TASK ITEM ▸ At the line with "CANON AE-1 With Accessories", start transcribing; stop after the last line of the data below. Keep it exact and leave pictures out.

INFORMATION SUPPLIED ▸
== == ==

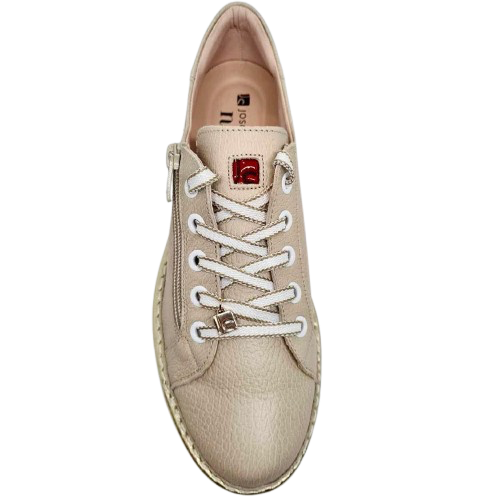 jose saenz spanish sneakers beige gold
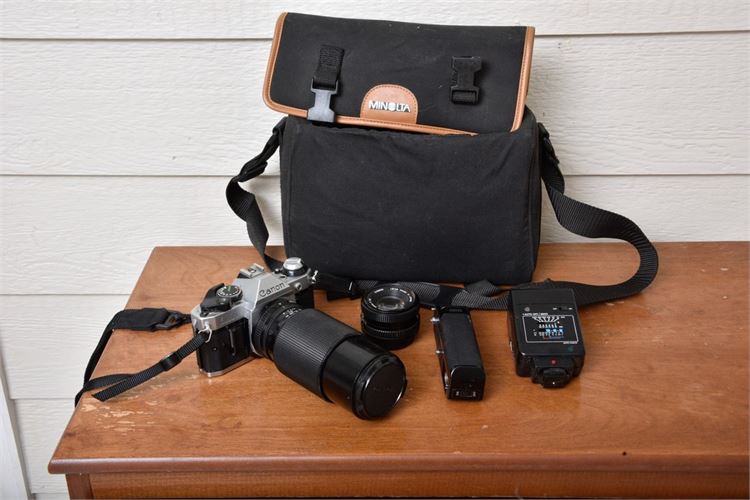 CANON AE-1 With Accessories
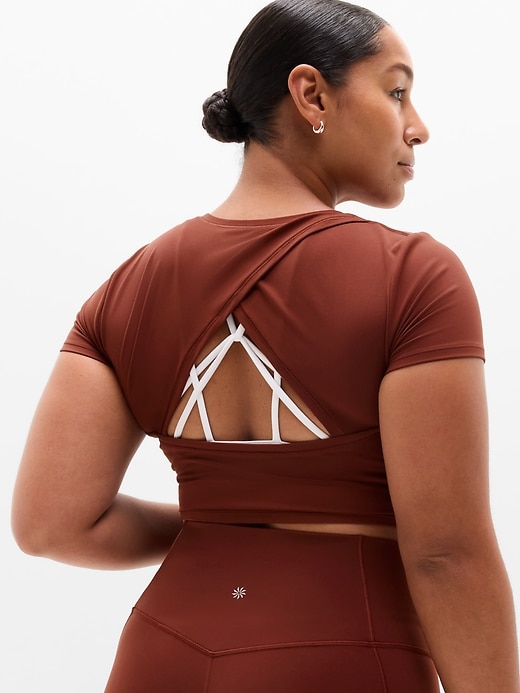 Image number 6 showing, Transcend Open Back Tee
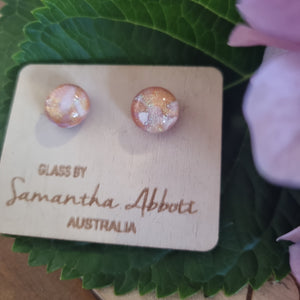 Earrings - Samantha Abbott Glass Studs - 7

== == ==

EXPECTED ANSWER ▸
 CANON AE-1 With Accessories
 Image number 6 showing, Transcend Open Back Tee
 Earrings - Samantha Abbott Glass Studs - 7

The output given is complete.